La tv del Pratello-Bologna, primi anni '90
Con l'espressione “tv di strada” ci si riferisce ad un complesso di esperienze, sviluppatesi in Italia (ma vi sono analogie con casi esteri, specialmente europei) talvolta accompagnate da intense
riflessioni teoriche e ideologiche che, riprendendo alcune delle idee e delle tensioni alla base dello sviluppo del fenomeno delle radio libere, hanno intrapreso la sperimentazione di nuove forme
di “comunicazione reale” attivando micro-televisioni in svariate località del territorio italiano, sfruttando vuoti legislativi e differenti interpretazioni della materia giuridica relativa. Si
tratta certamente di esperienze di "nicchia" ma che sul piano simbolico e concettuale diventano strumento utile per leggere le più ampie dinamiche della storia e della società contemporanea.

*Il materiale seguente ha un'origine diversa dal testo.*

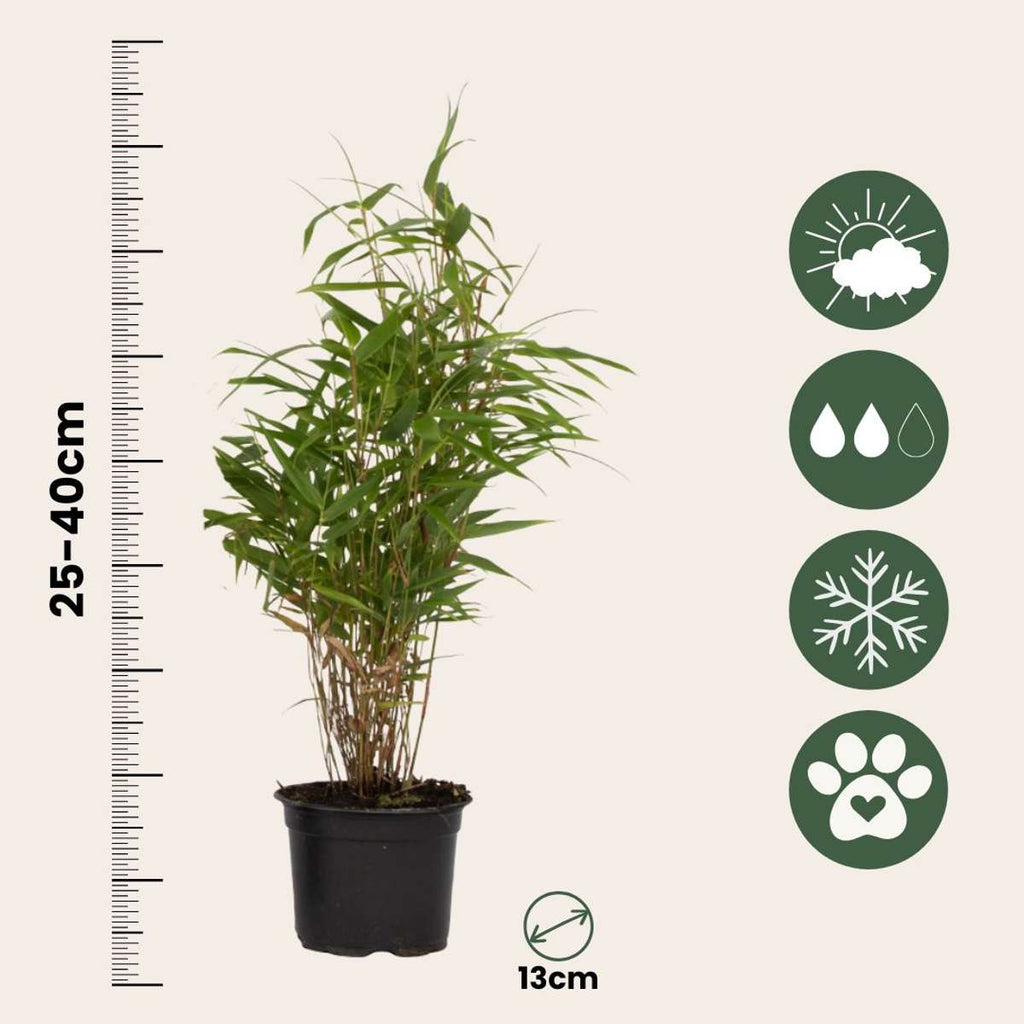 Dragonhead Bamboo - 3 pcs. - Fargesia rufa - Height 25-40cm - ⌀13cm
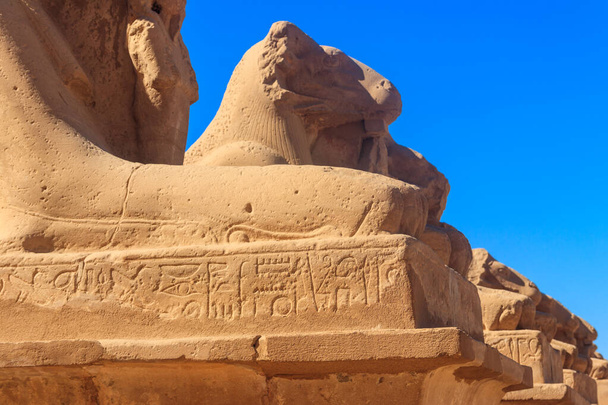 Allée des sphinx au complexe du temple Karnak à Louxor, Égypte - Photo, image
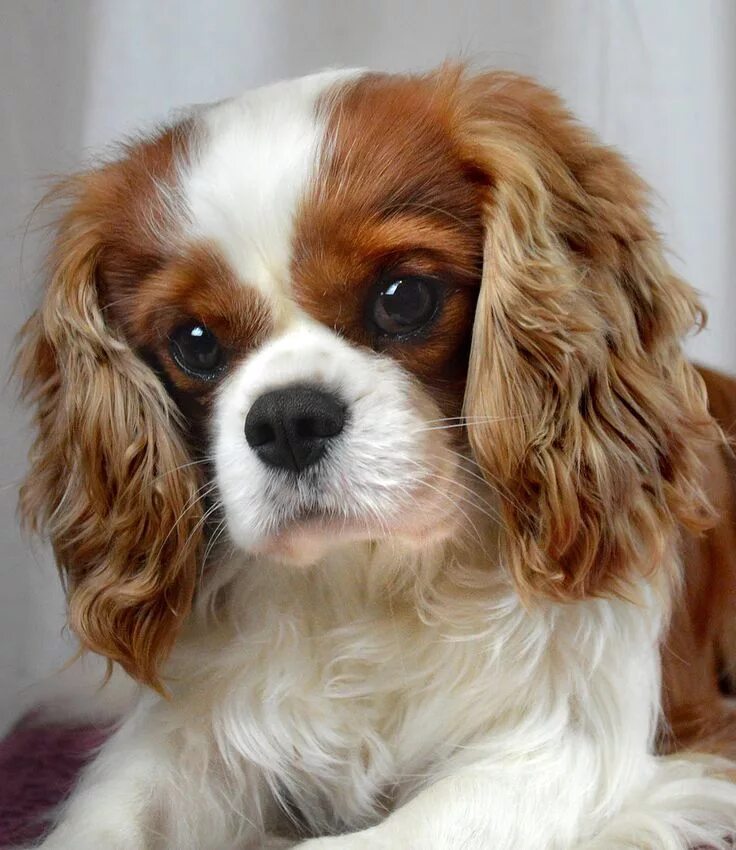 Порода собак кавалер кинг чарльз спаниель фото Cavalier King Charles Spaniel Breeder on Long Island Cavalier king charles dog, 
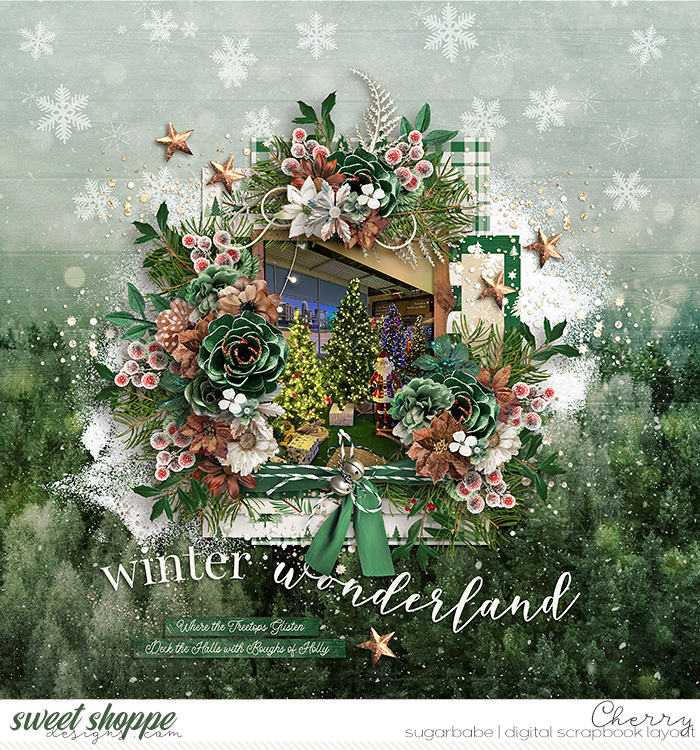 CG-kcb_ACVEvergreenAcresWM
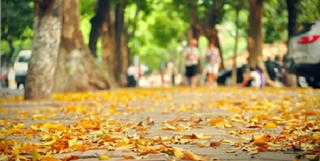 Đẹp ngỡ ngàng, Hà Nội mùa lá sấu bay…
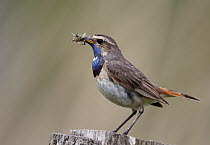 White-spotted Bluethroat (Luscinia svecica cyanecula) male with insect prey, Germany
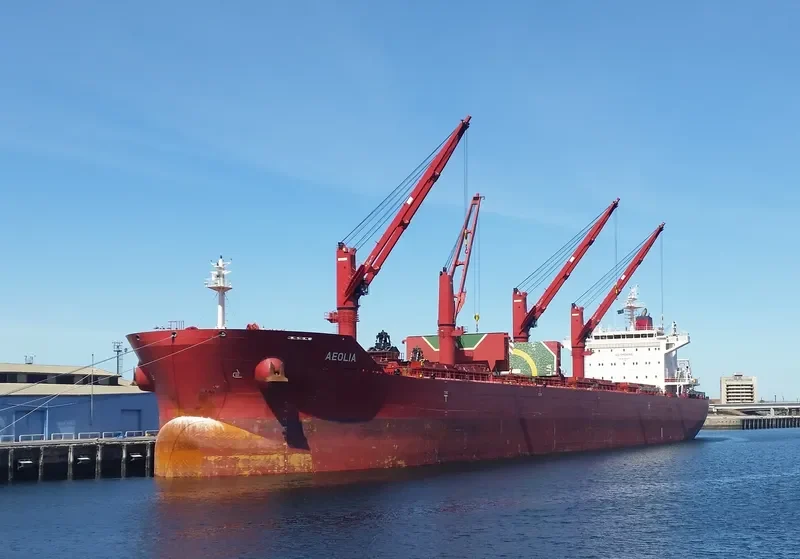 AEOLIA Bulk Carrier IMO 9736157 photo 5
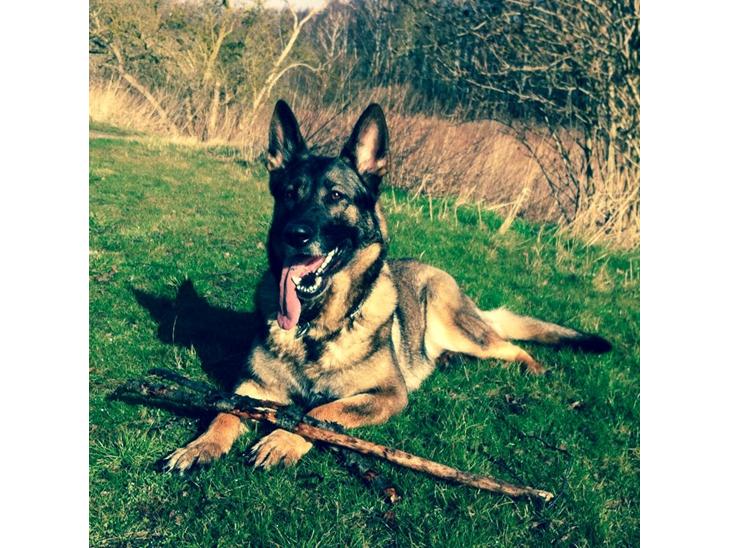 {{currentPhoto.altText}} billede {{currentPhoto.number}}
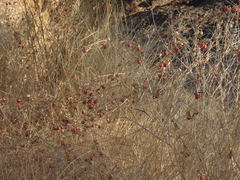 Dactyliandra welwitschii (Dactyliandra welwitschii)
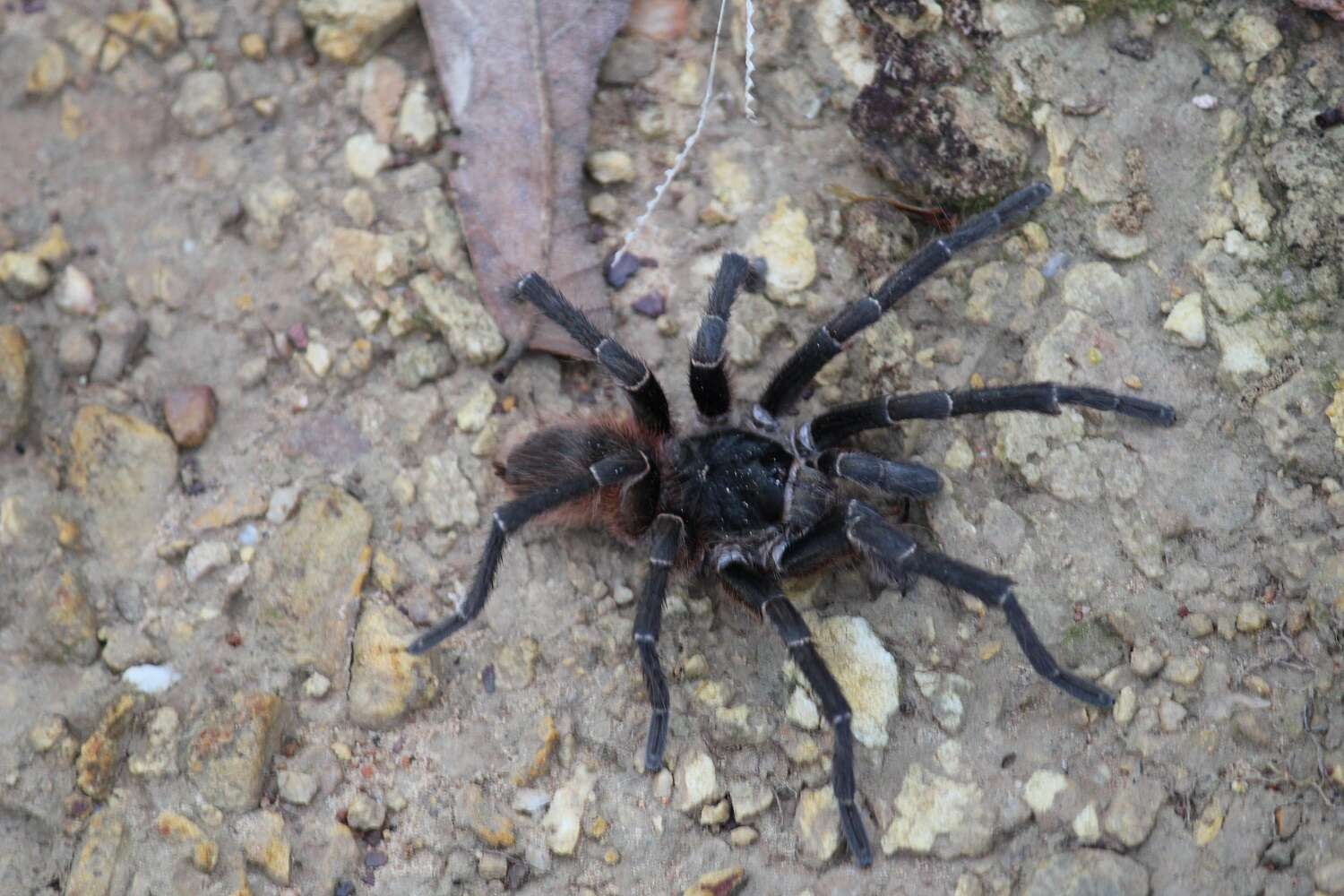 Image of Acanthoscurria paulensis Mello-Leitão 1923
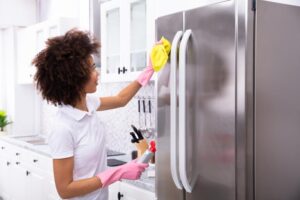 Junge Frau, Hausdame, Reinigung Kühlschrank mit gelbem Lappen und Spray, Reinigungsmittel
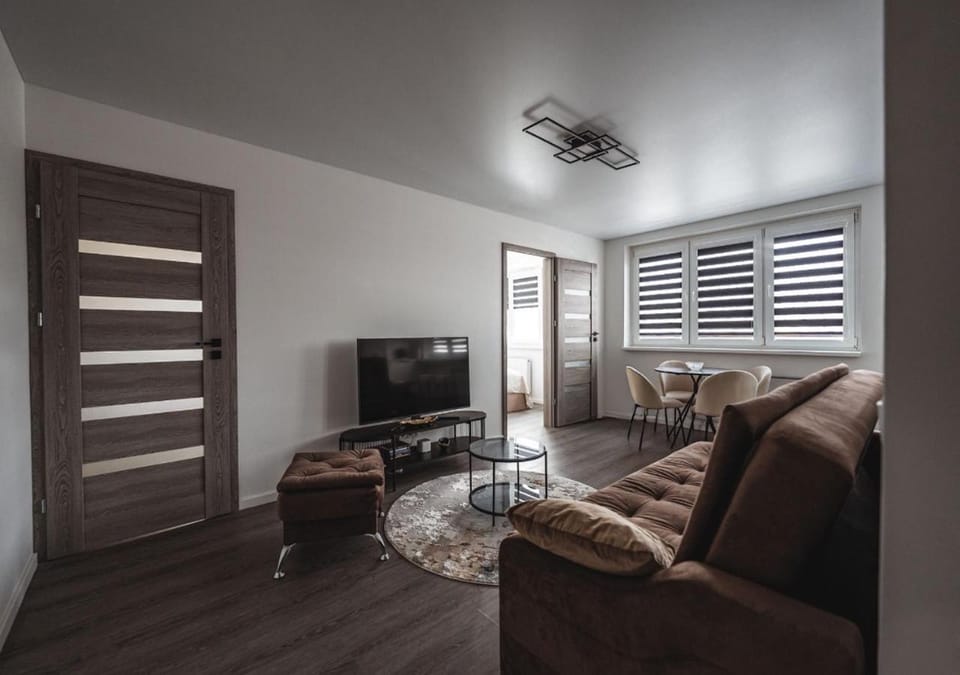 Feliz Stay Apartment in Lithuania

Le micro-tv italiane si propongono sovente come provocazioni a quella che è la struttura dominante del monopolio radio-televisivo, struttura che in gran parte ha assorbito e irrimediabilmente stravolto gli slanci di democrazia provenienti dall'esplosione delle radio libere negli anni ’70 e che ha reso, nel breve volgere di pochi anni, la liberalizzazione dell'etere uno strumento al servizio quasi esclusivo di interessi commerciali e monopolistici. Una prima interessante esperienza, che ha inteso, pur nella sua estrema limitatezza, suscitare un certo dibattito, è stata l'esperienza della tv del Pratello, sviluppatasi a Bologna nel 1992 i cui promotori, in un articolo uscito sulla rivista underground «Decoder» [12] tre anni dopo, sintetizzarono ed espressero in maniera quasi programmatica un progetto di lotta «per la ridiscussione della completa privatizzazione dell'etere pubblico». Così raccontarono nell'articolo:
Si è trattato in sostanza dell'attivazione di una micro-televisione (Prate-Tv) di quartiere allestita e gestita per circa una settimana in occasione della festa del quartiere. Si è potuta allora, pur con tutti i limiti, verificare se non altro la possibilità concreta di un'iniziativa di questo genere. [...] La fascinazione subita in quell'occasione ha fatto sì che nel territorio bolognese si continuasse in seguito a ragionare sulla possibilità di tentare l'apertura di una emittente stabile [13].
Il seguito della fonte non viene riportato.